YOUR TASK
Drop every image and restate the entries below word for word.
>>
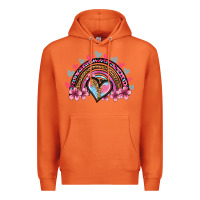 Carrot valentine's day rainbow heart olivia Premium Hoodie - OliviaCreatesArt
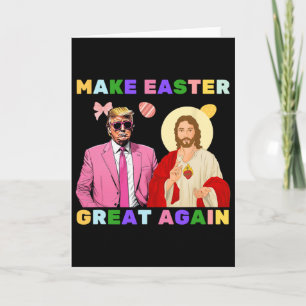 Lustiger Trump Jesus Christus macht Ostern wieder  Karte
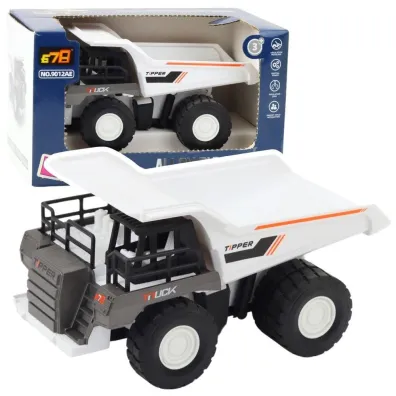 Wywrotka metalowe elementy z nap�dem bia�a LeanToys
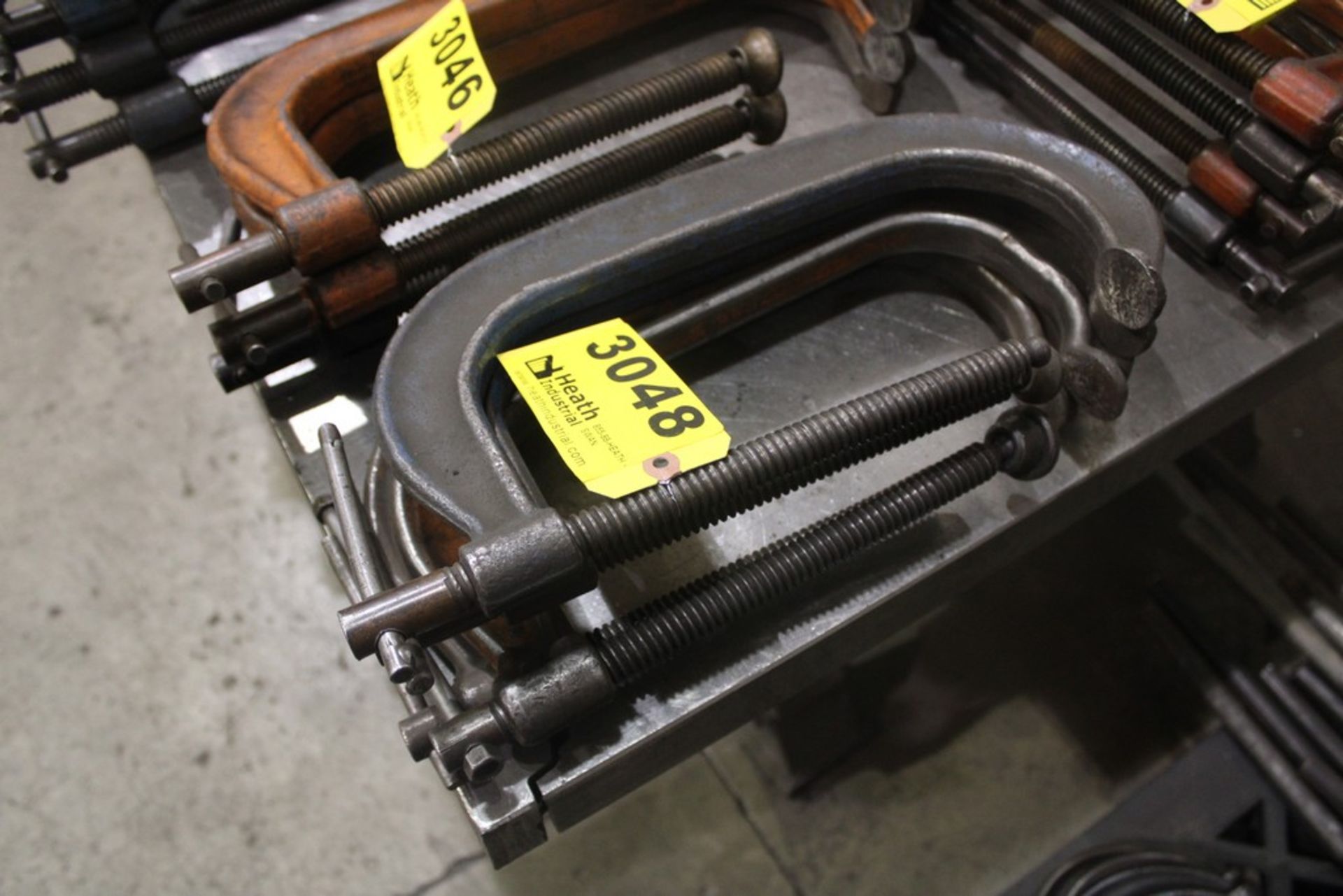 (4) HEAVY DUTY 10" C-CLAMPS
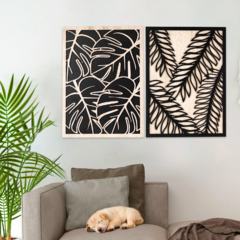 Wall Art 3D - Duo Botánico - comprar online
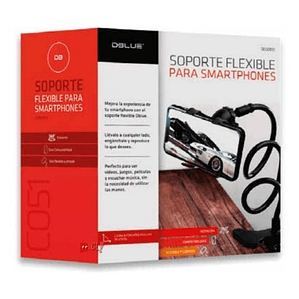 Soporte Porta Celular Largo 80cms Flexible Escritorio - Ps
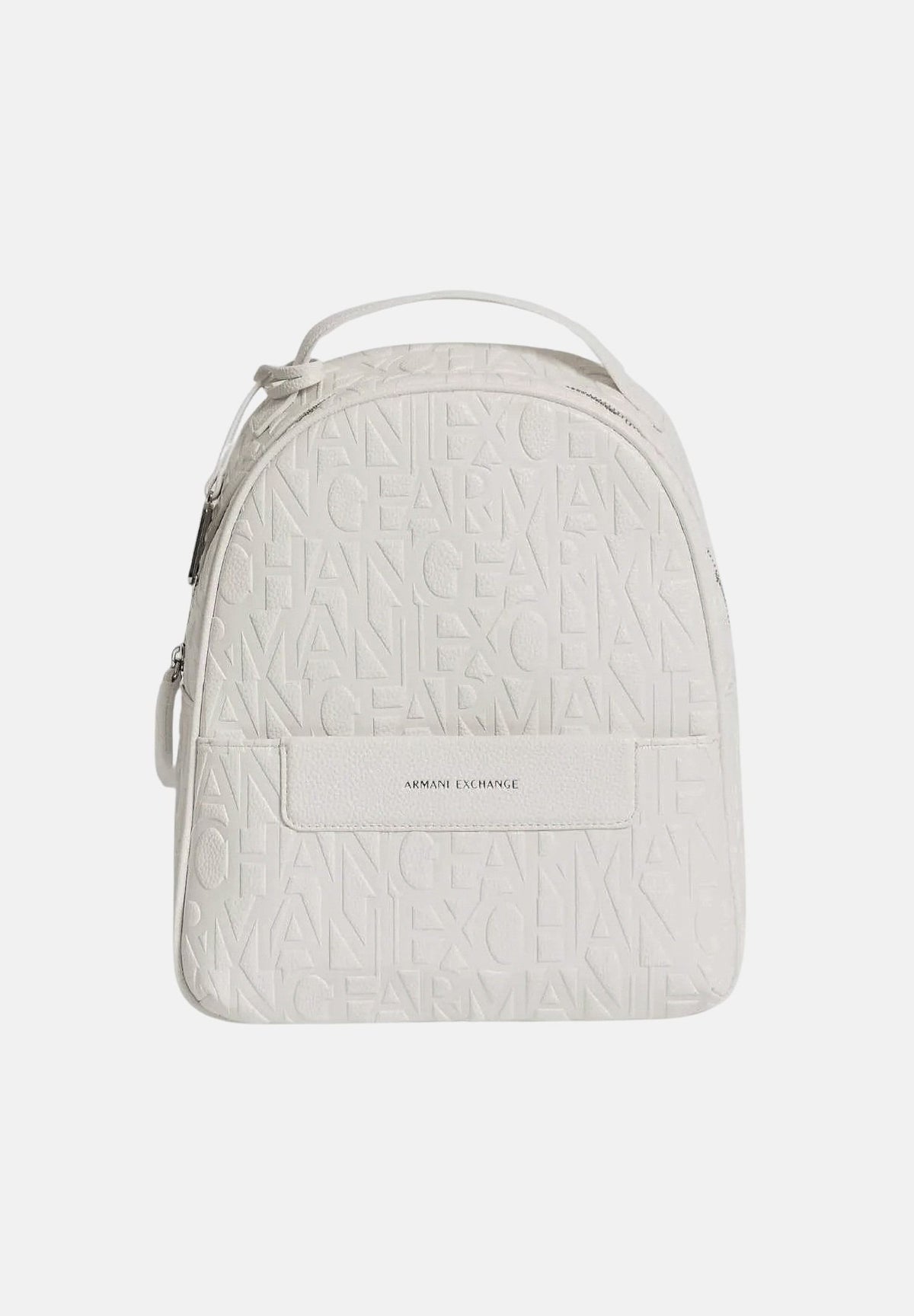 ARMANI EXCHANGE Zaino bianco da donna con logo all-over XW002234AF15774 U0011 ARMANI EXCHANGE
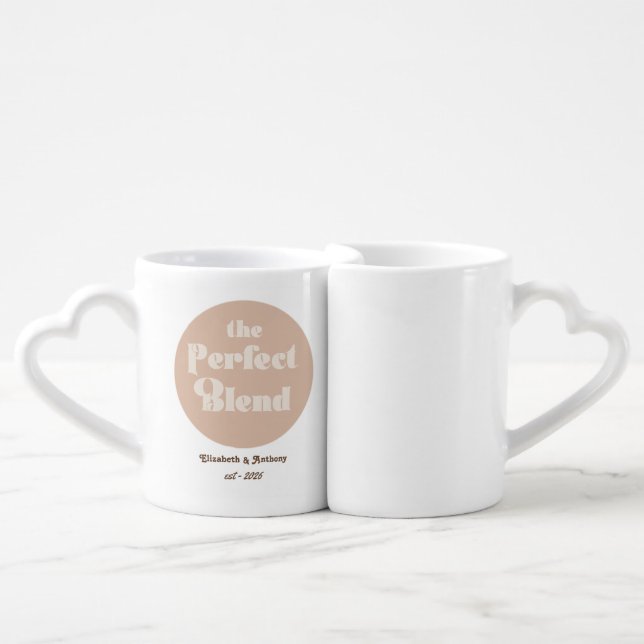 "The Perfect Blend"  Coffee Mug Set (Front Nesting)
<<
WRITTEN ANSWER
 Carrot valentine's day rainbow heart olivia Premium Hoodie - OliviaCreatesArt
 Lustiger Trump Jesus Christus macht Ostern wieder  Karte
 Wywrotka metalowe elementy z nap�dem bia�a LeanToys
 (4) HEAVY DUTY 10" C-CLAMPS
 Wall Art 3D - Duo Botánico - comprar online
 Soporte Porta Celular Largo 80cms Flexible Escritorio - Ps
 ARMANI EXCHANGE Zaino bianco da donna con logo all-over XW002234AF15774 U0011 ARMANI EXCHANGE
 "The Perfect Blend"  Coffee Mug Set (Front Nesting)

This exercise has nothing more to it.